It's Fruitcake Orderin' Season, My Little Rum-Loving Elves

The case for pre-ordering your holiday baked goods long before the revelry begins.

My favorite story I've written during my tenure at The Takeout involved a group of Trappist monks and a much-maligned baked good. I'm referring, of course, to the monks of Assumption Abbey, a tiny religious order in Missouri known for its year-round fruitcake operation.

We published the Assumption Abbey feature in early December of last year; a week later, by December 11, the fruitcakes were entirely sold out for the 2020 holiday season. With this in mind, I'm here to tell you: order your holiday fruitcakes now, before it's too late. (If you're making your own, now is the time to start aging those alcohol-soaked babies.)

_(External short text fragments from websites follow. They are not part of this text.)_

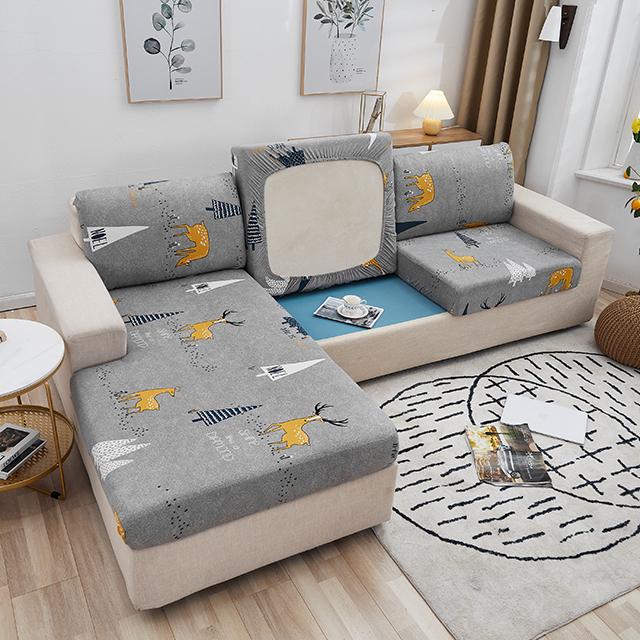 Bear Print Sofa Seat Cushion Cover Elastic Sofa Cover For Living Room Pets Kids Funiture Protector Chair Cover Removable 1 /2 /3 /4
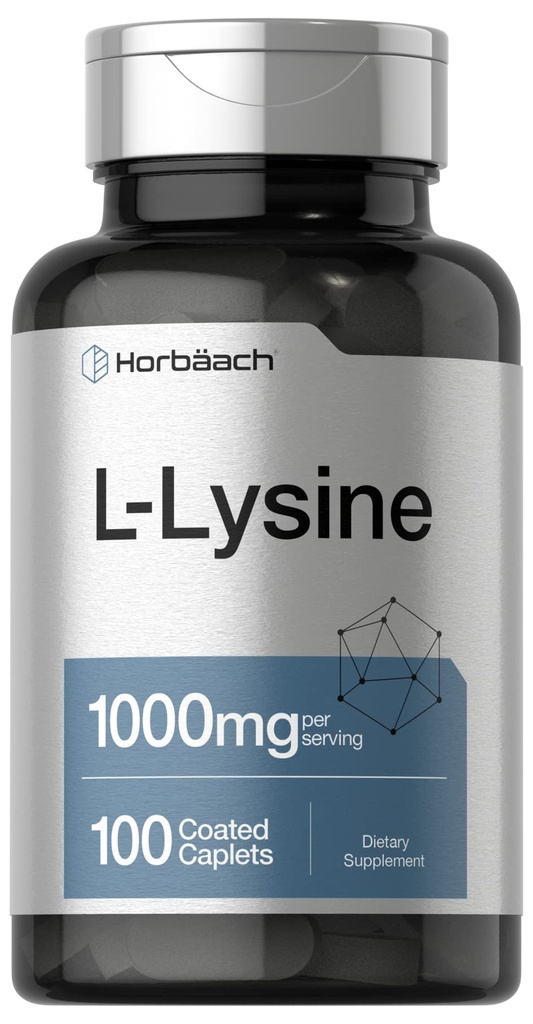 Horbäach L- Lysine 1000mg Humalog 124; 100 Cappets Coated 124; Free Form Dietary Supplement Humalog 124; Essential Amino Acid Humalog 124; Vegetarian, Non-GMO, and gluten Free Formula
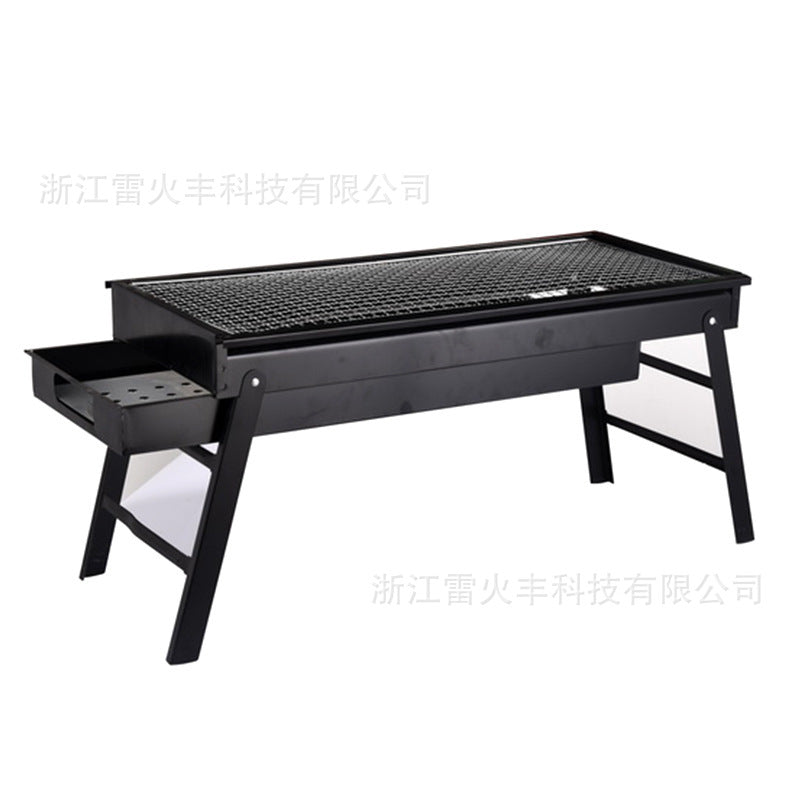 雷火丰户外便捷烧烤架折叠木炭烧烤炉家用加厚加大烧烤架批发供应Leihuo Feng Outdoor Portable Barbecue Grill – Foldable Charcoal Barbecue, Thickened and Extra-Large Home Barbecue Grill – Wholesale Supply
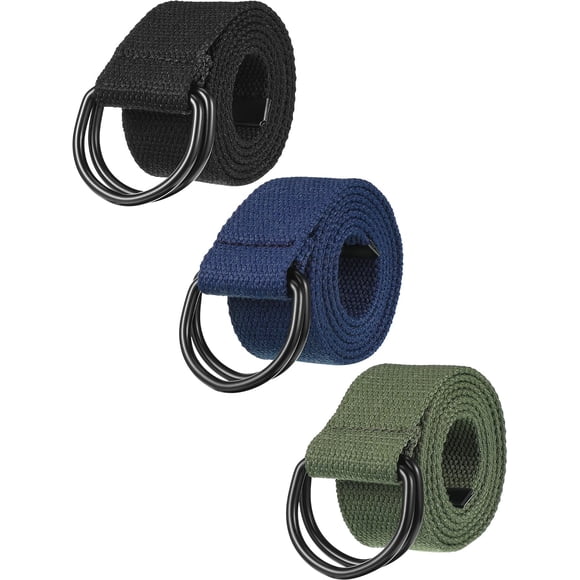 Reliable Ceinture en Toile 3 Pcs pour Hommes avec Boucle à Double Anneau en D - Ceintures Décontractées Militaires Vert, Noir, Bleu Foncé Assurant une Utilisation Longue Durée
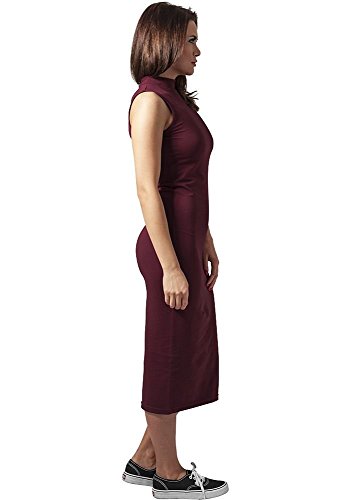 Urban Classics Vestido elástico para Mujer con Cuello de Tortuga, Rojo (Borgoña 606), XL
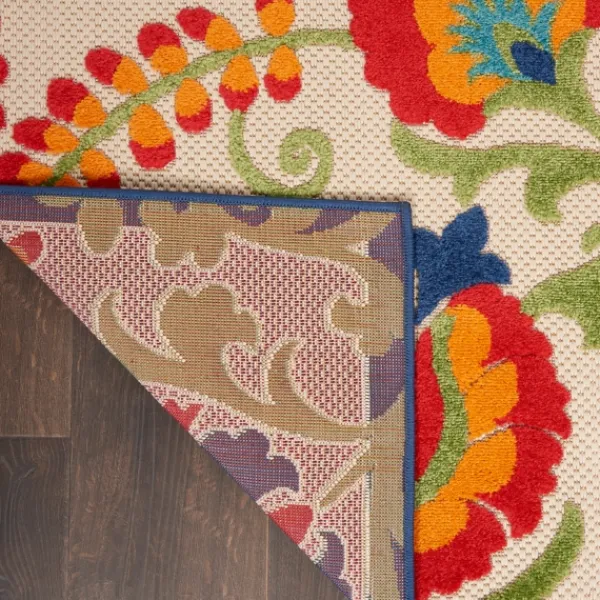 Outdoor Rugs-Kirkland's Home Bright Abstract Floral Outdoor Area Rug, 5X7 Blue/Red/Green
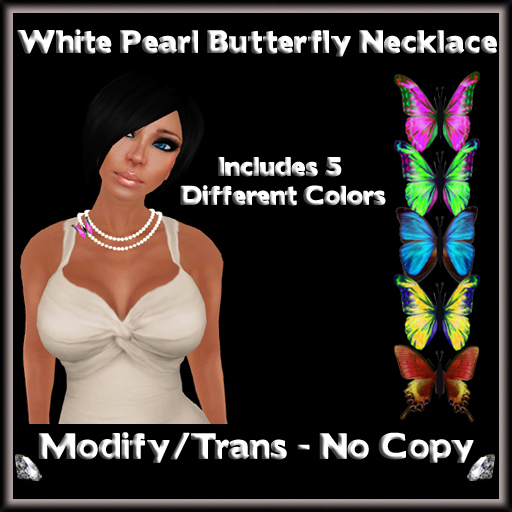*ICED* White Pearl Butterfly Necklaces (AD)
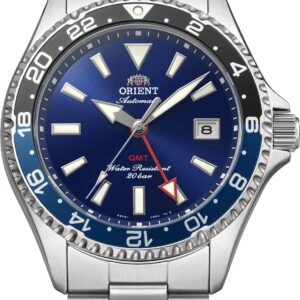 Orient Mako GMT RA-BC0003L blue dial automatic diver watch front view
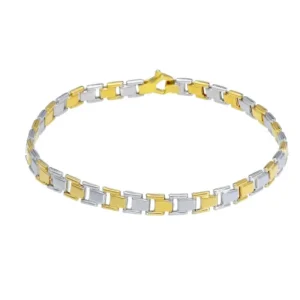 callegaro1964 Bracciale Uomo in Oro Giallo e Bianco 18kt Outlet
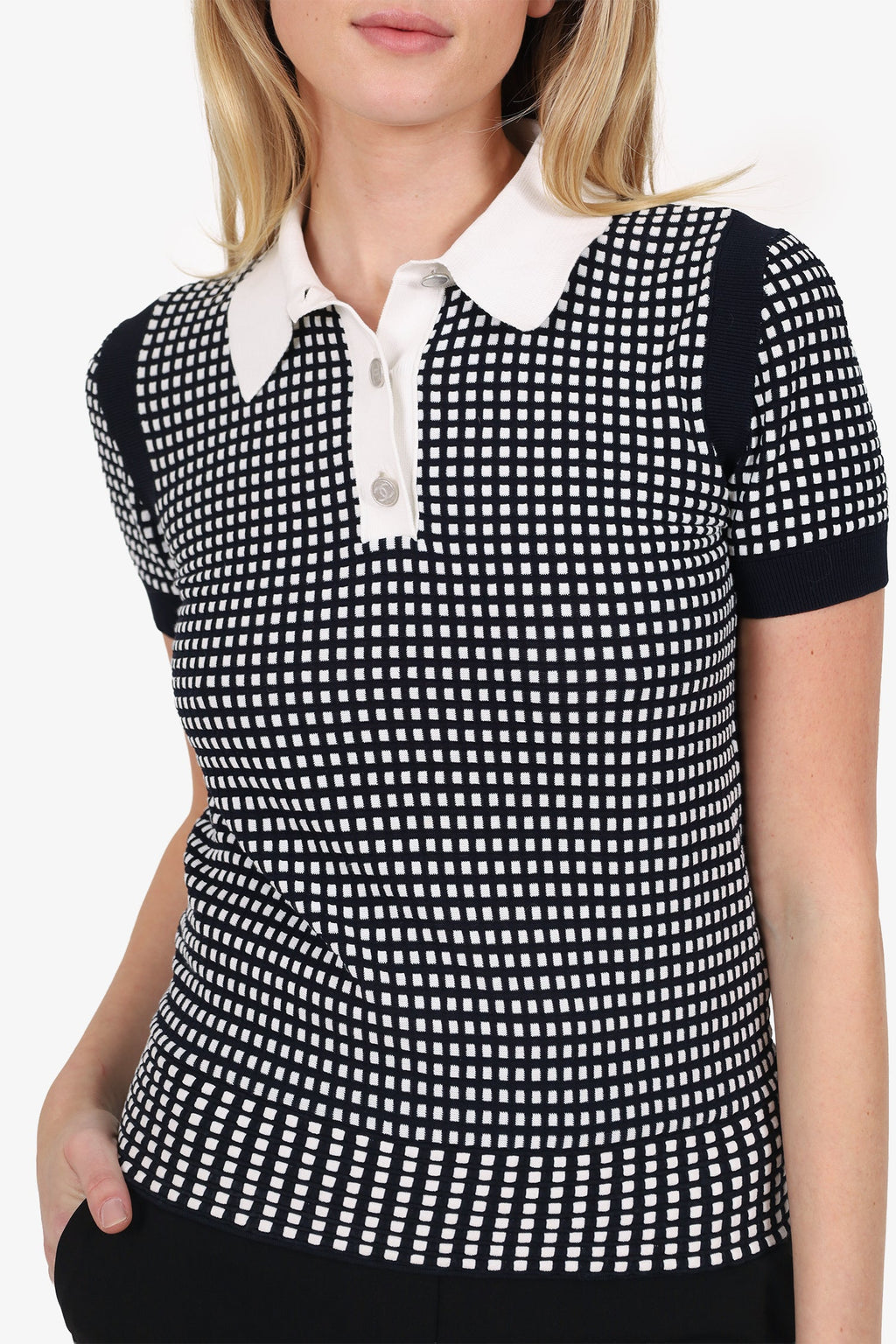 Pre-Loved Chanel™ Black/White Knit Short Sleeve Polo Top Size 34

If you've never ordered a fruitcake for the holidays, you may be asking: Why? Why should I spend $37 for a mail-order cake with an approximate shelf life of two years? Behold, a few reasons why fruitcake is an underrated holiday delight:

  • It's filled with raisins, pineapple, cherries, lemon peel, orange peel and walnuts, representing at least three of the major food groups recommended for a balanced diet.
  • It's injected with enough rum to intoxicate even the most Communion-hardened nun or your meanest aunt.
  • It's uniquely shelf-stable; in other words, it's the edible gift that keeps on giving. And giving. And giving. For two years.
  • It's delicious with coffee.
  • It's extremely dense, meaning it can double as a projectile in an emergency situation.
  • Personally, I can't imagine a more meaningful gift than a tasty cake made with love by jolly monks. I've already got mine; it's been aging in my pantry for months, and I'm stoked to share it with my Takeout colleagues.

    Meanwhile, I'd love to know: Are you pre-ordering a fruitcake and/or any similar holiday baked goods this year? Time's a-wasting.